Brief descriptive captions
Segment Open

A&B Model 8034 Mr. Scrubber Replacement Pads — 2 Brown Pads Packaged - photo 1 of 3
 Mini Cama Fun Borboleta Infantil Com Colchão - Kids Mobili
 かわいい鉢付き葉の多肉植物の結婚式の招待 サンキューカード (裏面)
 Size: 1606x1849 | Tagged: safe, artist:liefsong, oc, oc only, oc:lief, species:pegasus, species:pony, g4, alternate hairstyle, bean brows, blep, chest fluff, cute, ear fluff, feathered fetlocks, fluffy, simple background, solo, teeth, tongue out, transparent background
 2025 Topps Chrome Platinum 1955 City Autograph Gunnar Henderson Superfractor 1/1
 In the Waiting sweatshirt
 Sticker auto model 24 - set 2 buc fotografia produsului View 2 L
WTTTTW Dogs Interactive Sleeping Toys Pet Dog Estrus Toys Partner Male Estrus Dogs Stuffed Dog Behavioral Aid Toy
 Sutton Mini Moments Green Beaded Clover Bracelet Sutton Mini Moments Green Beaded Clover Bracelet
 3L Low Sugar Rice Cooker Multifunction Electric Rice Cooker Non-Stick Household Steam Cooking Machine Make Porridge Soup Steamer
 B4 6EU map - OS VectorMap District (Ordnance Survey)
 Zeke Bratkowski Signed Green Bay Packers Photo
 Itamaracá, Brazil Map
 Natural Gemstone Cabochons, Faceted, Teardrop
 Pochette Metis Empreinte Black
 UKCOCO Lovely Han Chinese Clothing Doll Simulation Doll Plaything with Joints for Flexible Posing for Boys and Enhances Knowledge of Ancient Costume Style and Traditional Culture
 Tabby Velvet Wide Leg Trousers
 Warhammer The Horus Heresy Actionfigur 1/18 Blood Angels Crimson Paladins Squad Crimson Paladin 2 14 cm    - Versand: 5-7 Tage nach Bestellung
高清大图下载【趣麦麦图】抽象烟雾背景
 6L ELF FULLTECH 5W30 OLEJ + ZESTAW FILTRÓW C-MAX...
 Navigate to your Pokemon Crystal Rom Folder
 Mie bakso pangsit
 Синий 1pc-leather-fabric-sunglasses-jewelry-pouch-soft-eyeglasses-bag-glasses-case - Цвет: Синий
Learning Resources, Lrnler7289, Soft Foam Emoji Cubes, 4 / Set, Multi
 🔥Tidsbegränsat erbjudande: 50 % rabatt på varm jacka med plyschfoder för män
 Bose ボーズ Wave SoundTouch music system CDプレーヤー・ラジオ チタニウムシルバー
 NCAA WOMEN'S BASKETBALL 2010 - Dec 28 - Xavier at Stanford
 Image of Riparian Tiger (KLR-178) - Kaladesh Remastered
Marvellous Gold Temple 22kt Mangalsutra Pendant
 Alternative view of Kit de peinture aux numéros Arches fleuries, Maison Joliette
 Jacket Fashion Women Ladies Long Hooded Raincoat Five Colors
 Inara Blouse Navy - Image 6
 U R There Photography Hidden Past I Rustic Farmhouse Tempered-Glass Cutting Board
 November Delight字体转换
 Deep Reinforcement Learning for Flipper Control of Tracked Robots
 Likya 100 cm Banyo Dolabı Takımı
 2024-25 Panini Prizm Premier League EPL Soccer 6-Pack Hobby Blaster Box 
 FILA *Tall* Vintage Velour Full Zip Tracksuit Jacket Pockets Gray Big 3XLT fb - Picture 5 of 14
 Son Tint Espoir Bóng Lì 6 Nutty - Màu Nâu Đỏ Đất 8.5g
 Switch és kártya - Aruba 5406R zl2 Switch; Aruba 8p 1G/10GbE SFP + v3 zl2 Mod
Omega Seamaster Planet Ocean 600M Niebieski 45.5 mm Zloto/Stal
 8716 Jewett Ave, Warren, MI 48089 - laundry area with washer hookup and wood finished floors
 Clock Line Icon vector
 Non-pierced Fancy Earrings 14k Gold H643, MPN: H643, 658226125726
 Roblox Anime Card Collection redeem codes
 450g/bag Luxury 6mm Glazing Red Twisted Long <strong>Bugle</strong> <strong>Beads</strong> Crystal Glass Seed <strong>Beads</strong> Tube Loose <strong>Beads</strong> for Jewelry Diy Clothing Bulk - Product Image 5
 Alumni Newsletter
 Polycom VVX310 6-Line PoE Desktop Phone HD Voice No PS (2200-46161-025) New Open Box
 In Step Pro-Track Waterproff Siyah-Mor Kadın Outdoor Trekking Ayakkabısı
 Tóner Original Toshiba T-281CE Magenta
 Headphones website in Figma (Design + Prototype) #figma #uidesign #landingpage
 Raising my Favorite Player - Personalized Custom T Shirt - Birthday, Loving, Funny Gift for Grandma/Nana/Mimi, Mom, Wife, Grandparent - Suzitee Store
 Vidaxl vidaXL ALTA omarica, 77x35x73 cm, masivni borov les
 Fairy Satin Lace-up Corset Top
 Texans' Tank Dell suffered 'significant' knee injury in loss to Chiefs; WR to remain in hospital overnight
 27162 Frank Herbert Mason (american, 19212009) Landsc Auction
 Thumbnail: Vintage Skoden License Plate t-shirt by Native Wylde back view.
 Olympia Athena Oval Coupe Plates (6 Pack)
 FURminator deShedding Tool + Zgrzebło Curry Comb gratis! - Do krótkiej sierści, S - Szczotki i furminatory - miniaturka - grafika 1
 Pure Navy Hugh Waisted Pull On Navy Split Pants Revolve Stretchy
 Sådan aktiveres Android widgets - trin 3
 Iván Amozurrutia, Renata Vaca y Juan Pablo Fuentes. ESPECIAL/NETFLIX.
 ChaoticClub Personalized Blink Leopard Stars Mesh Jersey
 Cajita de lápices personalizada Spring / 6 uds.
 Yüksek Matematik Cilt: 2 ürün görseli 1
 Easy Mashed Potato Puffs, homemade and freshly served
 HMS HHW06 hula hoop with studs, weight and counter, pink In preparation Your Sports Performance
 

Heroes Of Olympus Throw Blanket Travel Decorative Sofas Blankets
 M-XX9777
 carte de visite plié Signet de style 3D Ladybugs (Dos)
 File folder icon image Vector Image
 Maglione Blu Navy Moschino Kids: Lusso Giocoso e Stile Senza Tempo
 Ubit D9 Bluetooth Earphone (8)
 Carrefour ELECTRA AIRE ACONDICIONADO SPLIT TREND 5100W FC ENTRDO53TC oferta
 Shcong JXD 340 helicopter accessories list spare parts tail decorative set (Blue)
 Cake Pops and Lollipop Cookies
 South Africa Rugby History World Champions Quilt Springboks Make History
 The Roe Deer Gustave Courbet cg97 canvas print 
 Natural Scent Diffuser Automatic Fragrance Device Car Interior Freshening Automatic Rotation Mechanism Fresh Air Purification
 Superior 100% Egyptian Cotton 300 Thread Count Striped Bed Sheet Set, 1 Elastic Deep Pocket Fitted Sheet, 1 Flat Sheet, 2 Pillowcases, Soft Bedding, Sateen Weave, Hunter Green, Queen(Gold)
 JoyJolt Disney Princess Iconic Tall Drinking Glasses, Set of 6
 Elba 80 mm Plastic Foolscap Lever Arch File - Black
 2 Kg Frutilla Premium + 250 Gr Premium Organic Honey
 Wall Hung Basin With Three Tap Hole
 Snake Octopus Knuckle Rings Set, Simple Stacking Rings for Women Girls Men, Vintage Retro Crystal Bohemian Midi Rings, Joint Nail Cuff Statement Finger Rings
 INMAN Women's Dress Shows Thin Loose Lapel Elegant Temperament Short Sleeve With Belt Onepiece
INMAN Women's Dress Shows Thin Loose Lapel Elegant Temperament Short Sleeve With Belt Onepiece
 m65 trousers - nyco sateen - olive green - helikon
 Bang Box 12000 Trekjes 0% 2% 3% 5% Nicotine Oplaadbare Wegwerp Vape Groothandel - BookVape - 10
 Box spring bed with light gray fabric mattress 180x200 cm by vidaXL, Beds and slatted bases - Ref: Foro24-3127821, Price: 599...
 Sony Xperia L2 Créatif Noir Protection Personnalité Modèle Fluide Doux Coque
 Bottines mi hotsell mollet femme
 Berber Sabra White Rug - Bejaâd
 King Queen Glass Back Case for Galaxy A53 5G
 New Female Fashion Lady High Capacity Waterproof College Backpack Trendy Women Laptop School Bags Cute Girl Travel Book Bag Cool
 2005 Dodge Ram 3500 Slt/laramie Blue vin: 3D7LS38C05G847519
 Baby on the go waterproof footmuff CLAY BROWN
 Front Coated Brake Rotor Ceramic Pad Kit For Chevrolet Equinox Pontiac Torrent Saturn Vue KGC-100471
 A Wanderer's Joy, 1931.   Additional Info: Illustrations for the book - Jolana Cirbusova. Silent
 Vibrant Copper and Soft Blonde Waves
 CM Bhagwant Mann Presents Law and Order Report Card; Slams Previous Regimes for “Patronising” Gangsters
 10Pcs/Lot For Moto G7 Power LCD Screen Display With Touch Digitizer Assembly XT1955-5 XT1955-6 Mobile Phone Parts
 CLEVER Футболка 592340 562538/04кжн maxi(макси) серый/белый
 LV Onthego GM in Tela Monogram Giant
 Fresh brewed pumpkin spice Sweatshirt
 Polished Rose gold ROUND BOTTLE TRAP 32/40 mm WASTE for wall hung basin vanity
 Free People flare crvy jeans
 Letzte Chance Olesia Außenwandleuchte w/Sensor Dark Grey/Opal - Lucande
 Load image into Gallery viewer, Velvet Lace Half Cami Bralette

Segment Closed

__Task statement__:
Within the data above, the span starting at the line containing "Deep Reinforcement Learning" and ending at the line containing "Roblox Anime Card Collection redeem codes" is to be retyped exactly, with no other lines.

__The completed task__:
 Deep Reinforcement Learning for Flipper Control of Tracked Robots
 Likya 100 cm Banyo Dolabı Takımı
 2024-25 Panini Prizm Premier League EPL Soccer 6-Pack Hobby Blaster Box 
 FILA *Tall* Vintage Velour Full Zip Tracksuit Jacket Pockets Gray Big 3XLT fb - Picture 5 of 14
 Son Tint Espoir Bóng Lì 6 Nutty - Màu Nâu Đỏ Đất 8.5g
 Switch és kártya - Aruba 5406R zl2 Switch; Aruba 8p 1G/10GbE SFP + v3 zl2 Mod
Omega Seamaster Planet Ocean 600M Niebieski 45.5 mm Zloto/Stal
 8716 Jewett Ave, Warren, MI 48089 - laundry area with washer hookup and wood finished floors
 Clock Line Icon vector
 Non-pierced Fancy Earrings 14k Gold H643, MPN: H643, 658226125726
 Roblox Anime Card Collection redeem codes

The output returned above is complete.